Ceux qui parlant d’utopie se sentent contraints d’ajouter « concrète » par peur d’être considérés comme des idéalistes déconnectés des réalités matérielles, historiques et sociales font peu de cas de l’étymologie. En grec, en effet, utopie vient de u et de topos et signifie ce qui n’a pas (u) de lieu (topos). Ce qui n’a pas encore de lieu de réalisation concrète comme Lamartine a voulu le signifier en disant qu’il s’agissait d’ « une vérité prématurée ». L’histoire des sociétés tant du point de vue social, politique, que scientifique et culturel lui donne raison.
N’était-il pas utopique, en 1788, de penser et de projeter que les hommes puissent naître libres et égaux, que l’esclavage puisse être aboli ? Condorcet mathématicien et philosophe était-il utopique en proposant une école laïque, gratuite et obligatoire ouverte aux filles comme aux garçons dont l’instruction devait se poursuivre tout au long de la vie. N’était-il pas utopique de rêver à des congés payés, en 1935 et de les conquérir l’année suivante, pour les femmes d’obtenir le droit de vote et l’égalité juridique avec leurs maris après avoir lutté pour le droit d’avorter. Utopiques sont, assurément, ceux qui pensent à l’instauration d’un revenu inconditionnel d’existence et au partage du travail, ceux qui, pour ne pas croire à la fée croissance qui résorberait considérablement et durablement le chômage de masse posent un regard critique sur le productivisme et l’épuisement des ressources de la planète.

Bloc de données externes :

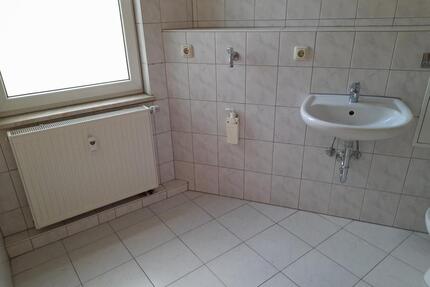 1- Raumwohnung - 370,00&nbsp;EUR Kaltmiete, ca.&nbsp; 40,00&nbsp;m&sup2; in Apolda (PLZ: 99510)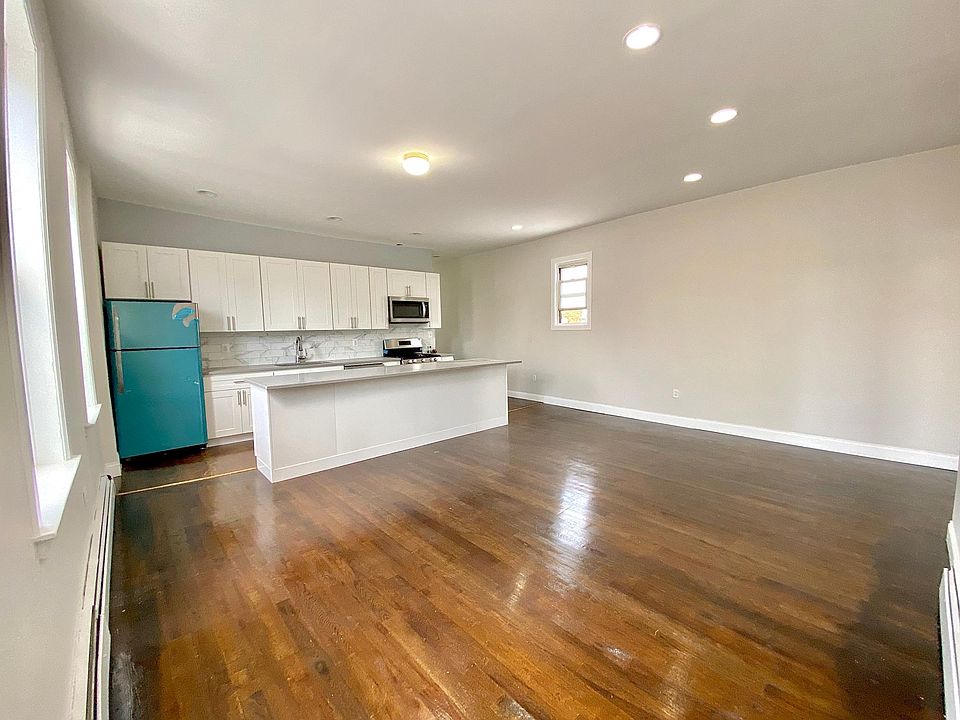 Kitchen Livingroom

Contre toutes ces utopies et bien d’autres encore se sont toujours élevés les défenseurs de l’ordre établi fondé sur les privilèges de la naissance, de la puissance et de la fortune …à quelques exceptions près. Ce sont bien souvent quelques-uns parmi ceux-là qui ont élaboré des utopies… qui ne sont pas par essence progressistes. Ainsi l’utopie « libérale » d’un marché qui s’autorégulerait, d’un capitalisme qui serait « moralisé » et de banques qui ne spéculeraient plus contre les peuples et les états, mais aussi celle d’une société sans classe (sans contradictions ?) et de lendemains qui chanteraient, inéluctablement… .
Ainsi, tous ceux qui s’en prennent si spontanément et violemment aux utopies sont ceux qui, refusant toute idée de transformation sociale, ne parviennent pas à imaginer que le monde puisse être autrement. Parce qu’ils ne peuvent pas ou refusent de sortir du cadre de référence qui les rattachent au passé, parce que, contre toute proposition qui remettrait en question leur conception du monde, leur façon de penser et leurs intérêts, ils regardent obstinément dans le rétroviseur, par ce qu’ils cultivent les vindictes personnelles et trop souvent la haine qui est à mettre au compte des passions tristes sur lesquelles rien d’intelligent et rien d’heureux ne peut-être construit politiquement et humainement.